Each record below should be repeated precisely as written.

## Records to use
──────────────────────────────

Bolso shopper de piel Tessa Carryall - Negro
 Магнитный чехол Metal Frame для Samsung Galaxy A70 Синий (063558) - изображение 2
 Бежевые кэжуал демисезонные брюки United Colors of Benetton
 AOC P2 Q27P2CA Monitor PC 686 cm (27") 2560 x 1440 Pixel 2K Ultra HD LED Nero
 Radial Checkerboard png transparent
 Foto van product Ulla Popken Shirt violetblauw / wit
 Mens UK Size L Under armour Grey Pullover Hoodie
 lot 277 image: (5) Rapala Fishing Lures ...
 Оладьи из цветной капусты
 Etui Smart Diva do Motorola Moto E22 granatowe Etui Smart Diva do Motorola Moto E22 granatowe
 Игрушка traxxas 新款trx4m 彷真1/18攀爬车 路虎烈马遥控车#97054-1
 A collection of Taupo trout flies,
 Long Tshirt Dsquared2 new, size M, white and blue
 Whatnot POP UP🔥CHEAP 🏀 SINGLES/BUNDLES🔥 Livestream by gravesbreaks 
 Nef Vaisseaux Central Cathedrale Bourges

──────────────────────────────

## Exercise answer
Bolso shopper de piel Tessa Carryall - Negro
 Магнитный чехол Metal Frame для Samsung Galaxy A70 Синий (063558) - изображение 2
 Бежевые кэжуал демисезонные брюки United Colors of Benetton
 AOC P2 Q27P2CA Monitor PC 686 cm (27") 2560 x 1440 Pixel 2K Ultra HD LED Nero
 Radial Checkerboard png transparent
 Foto van product Ulla Popken Shirt violetblauw / wit
 Mens UK Size L Under armour Grey Pullover Hoodie
 lot 277 image: (5) Rapala Fishing Lures ...
 Оладьи из цветной капусты
 Etui Smart Diva do Motorola Moto E22 granatowe Etui Smart Diva do Motorola Moto E22 granatowe
 Игрушка traxxas 新款trx4m 彷真1/18攀爬车 路虎烈马遥控车#97054-1
 A collection of Taupo trout flies,
 Long Tshirt Dsquared2 new, size M, white and blue
 Whatnot POP UP🔥CHEAP 🏀 SINGLES/BUNDLES🔥 Livestream by gravesbreaks 
 Nef Vaisseaux Central Cathedrale Bourges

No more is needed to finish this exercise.